_WORK REQUIRED_. Shown below are entries with pictures; the line with "925 Sterling Silver" through the line with "Rosewood Ganesha Statue" is the span to retype exactly, and the pictures stay out.

** Opening SUPPLIED MATERIAL block **

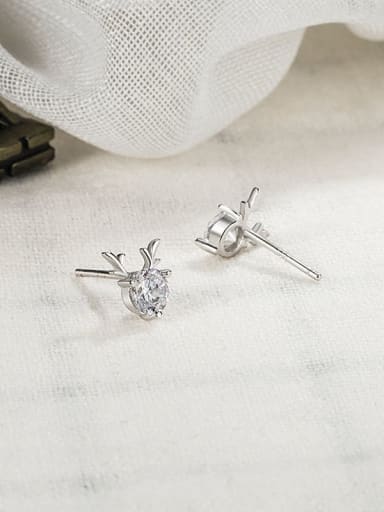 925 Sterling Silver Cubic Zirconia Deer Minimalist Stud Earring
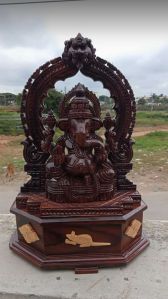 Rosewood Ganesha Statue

** Closing SUPPLIED MATERIAL block **
** Opening SUPPLIED MATERIAL block **

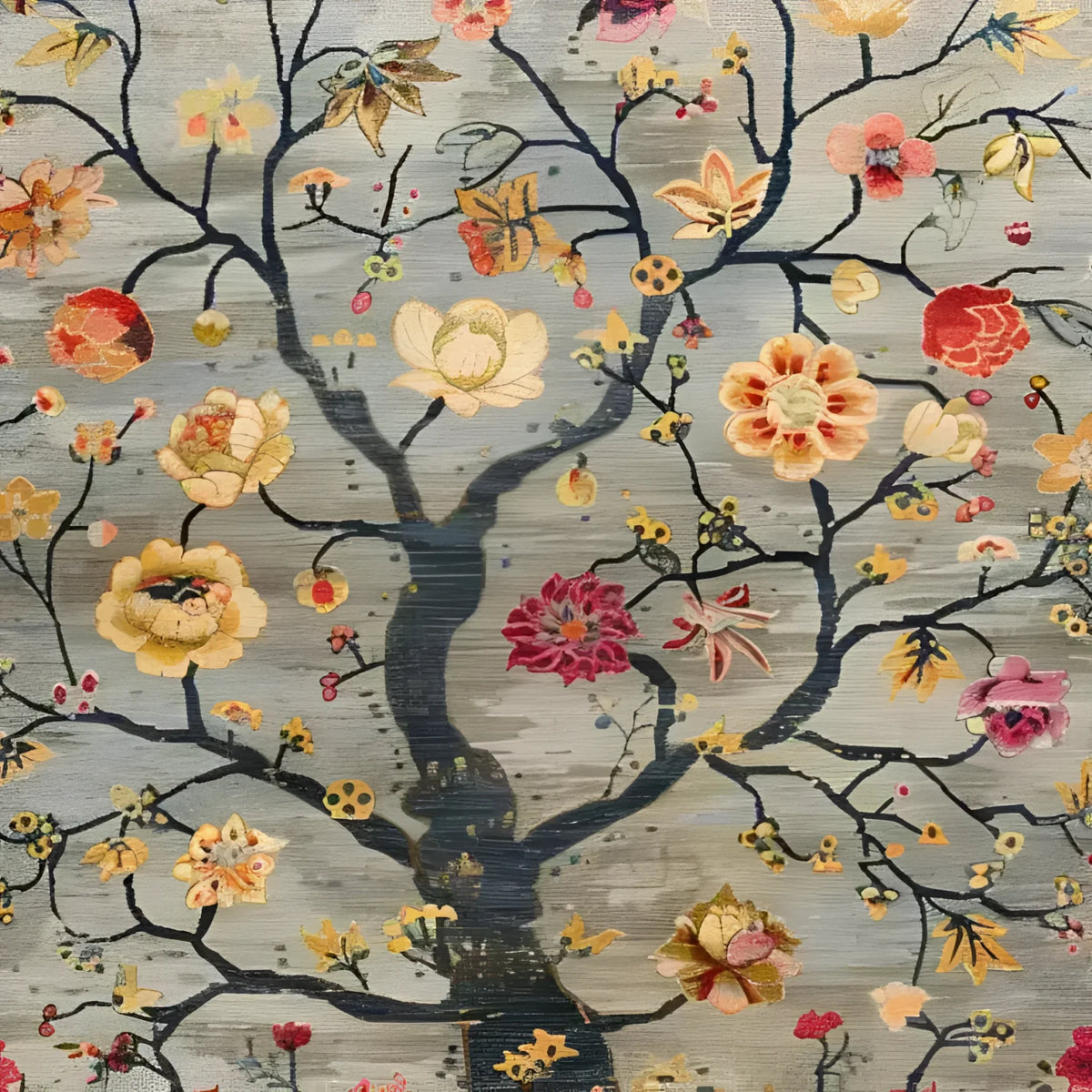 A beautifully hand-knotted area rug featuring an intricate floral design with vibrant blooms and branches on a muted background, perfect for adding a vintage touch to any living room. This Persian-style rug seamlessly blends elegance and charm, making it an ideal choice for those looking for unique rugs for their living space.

** Closing SUPPLIED MATERIAL block **

_ANSWER FOR THE TASK_.
 925 Sterling Silver Cubic Zirconia Deer Minimalist Stud Earring
 Rosewood Ganesha Statue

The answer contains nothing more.